Friday, October 14, 2016

Is the European Southern Observatory Sexist?

The short answer is no. The somewhat more sophisticated statistical answer is probably not, and the slightly more certain formulation would be probably not very much.

This hasn't prevented both Science and HuffPo from reporting that the ESO is almost certainly sexist, enlisting none other than the past president of the American Astronomical Society, Meg Urry, in the effort to spin the story in that direction. "Female Astronomers Just Can’t Seem To Catch A Break," laments the Huffington Post over David Freeman's story, citing a "jarring new study" that "shows it’s tough for women to get telescope time." Science follows the same script: "ESO finds gender bias in awarding telescope time," runs the headline over Maggie Kuo's story, which begins: "Astronomers wanting time on the European Southern Observatory’s (ESO's) telescopes are less likely to get it if they’re women."
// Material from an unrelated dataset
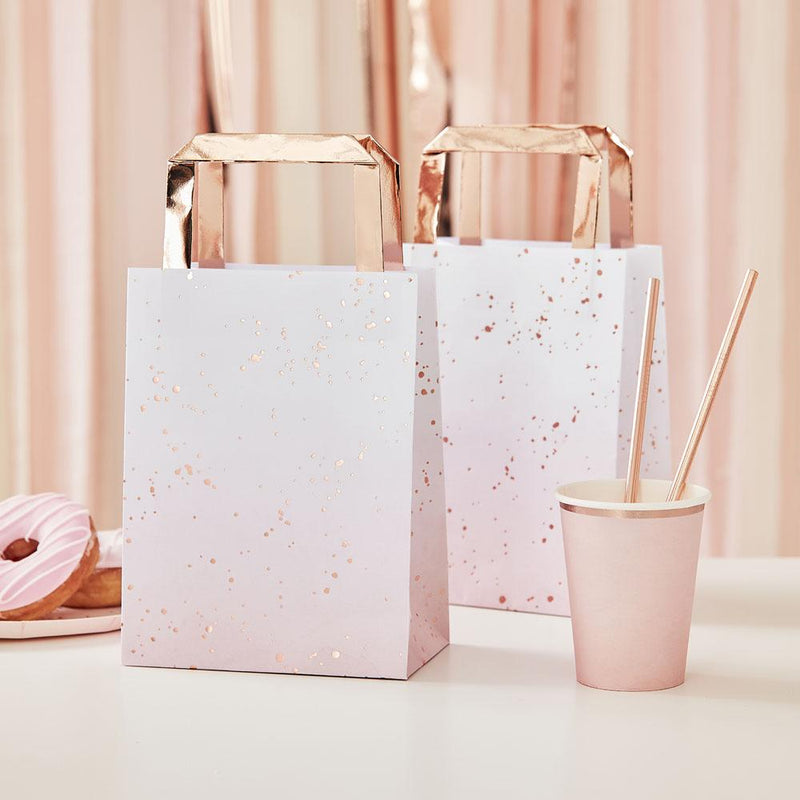 Rose Gold Foiled Party Bags (x5)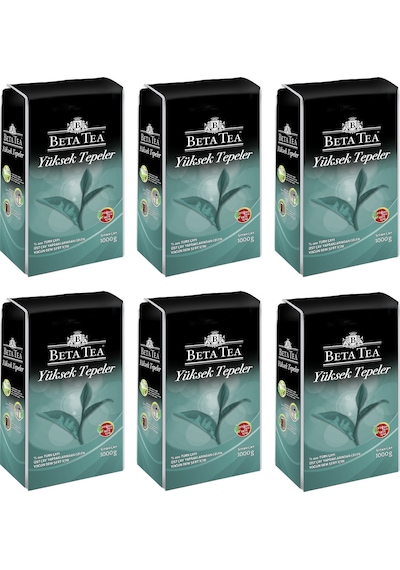 Beta Tea Yüksek Tepeler Siyah Çay 1000 gr (6 Paket)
Both stories cite a recent study conducted by Ferdinando Patat of the ESO itself. Before I get into the details, I want to say that, after looking at the study myself, and discussing it with Patat, I find the media spin, and Urry's participation in it, much more jarring than the results it presents. Think about it. Suppose you are running a world class observatory and you decide to undertake, of your own accord, a study of the processes by which you allocate telescope time, specifically trying to detect a gender bias if there is one. Suppose your results are mainly inconclusive* about the question of gender bias but suggest pretty strongly that seniority, and experience in application writing, are key factors in deciding who gets time. Now suppose the media picks up the story and tells everyone your review process is biased by sexist views about women and, to put a button on it, relate the whole thing to growing concerns about harassment. I think maybe you'd think twice about conducting such a study or publishing the results next time!

I lost most of my respect for science writers during the Tim Hunt affair, so I'm not going to spend too much time criticizing the news coverage. What I want to do here is present this very interesting study, trying to reconstruct the care that went into the designing it, and by that means arrive at a more accurate sense of what it tells us about the ESO's time allocation review process. Freeman and Kuo, it seems to me, simply haven't appreciated the beauty of this study—its mastery of its own limitations (a definition of beauty in science?).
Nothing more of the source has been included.